_Description of the task:_
Return a verbatim reproduction of each line, starting at the line with "Used 2019 GMC Yukon XL SLT RWD image 16" and ending at the last line of the listing below.

_Exercise input:_
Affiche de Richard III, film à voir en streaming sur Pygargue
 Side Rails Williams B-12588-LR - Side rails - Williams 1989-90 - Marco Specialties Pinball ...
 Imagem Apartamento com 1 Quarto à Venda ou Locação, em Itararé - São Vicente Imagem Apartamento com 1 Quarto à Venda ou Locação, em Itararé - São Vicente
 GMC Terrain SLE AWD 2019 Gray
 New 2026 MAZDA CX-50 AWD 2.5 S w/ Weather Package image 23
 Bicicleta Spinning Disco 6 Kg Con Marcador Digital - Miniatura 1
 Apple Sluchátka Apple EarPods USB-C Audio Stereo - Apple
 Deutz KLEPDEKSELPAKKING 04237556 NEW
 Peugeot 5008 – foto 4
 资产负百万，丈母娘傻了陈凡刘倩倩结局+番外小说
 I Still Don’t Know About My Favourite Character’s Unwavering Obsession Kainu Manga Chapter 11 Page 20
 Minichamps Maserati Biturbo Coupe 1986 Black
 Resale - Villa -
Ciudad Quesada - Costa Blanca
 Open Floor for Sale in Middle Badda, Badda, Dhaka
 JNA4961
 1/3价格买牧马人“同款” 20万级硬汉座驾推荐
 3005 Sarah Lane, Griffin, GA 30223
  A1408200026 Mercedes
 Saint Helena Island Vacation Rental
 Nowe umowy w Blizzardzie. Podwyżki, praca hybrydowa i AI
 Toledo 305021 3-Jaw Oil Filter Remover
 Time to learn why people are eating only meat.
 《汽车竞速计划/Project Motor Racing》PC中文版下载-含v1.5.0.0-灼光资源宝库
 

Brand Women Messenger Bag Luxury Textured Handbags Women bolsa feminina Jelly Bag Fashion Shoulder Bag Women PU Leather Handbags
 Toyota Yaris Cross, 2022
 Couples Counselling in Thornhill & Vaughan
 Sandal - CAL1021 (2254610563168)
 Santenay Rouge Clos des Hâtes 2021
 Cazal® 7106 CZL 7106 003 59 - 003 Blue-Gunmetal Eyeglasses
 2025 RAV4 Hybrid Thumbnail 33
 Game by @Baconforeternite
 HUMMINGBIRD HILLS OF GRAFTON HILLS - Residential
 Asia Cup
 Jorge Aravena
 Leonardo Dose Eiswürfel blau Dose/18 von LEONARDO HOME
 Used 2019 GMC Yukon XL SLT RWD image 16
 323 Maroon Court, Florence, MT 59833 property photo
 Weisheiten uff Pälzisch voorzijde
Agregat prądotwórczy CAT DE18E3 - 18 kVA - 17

_Output of the exercise:_
 Used 2019 GMC Yukon XL SLT RWD image 16
 323 Maroon Court, Florence, MT 59833 property photo
 Weisheiten uff Pälzisch voorzijde
Agregat prądotwórczy CAT DE18E3 - 18 kVA - 17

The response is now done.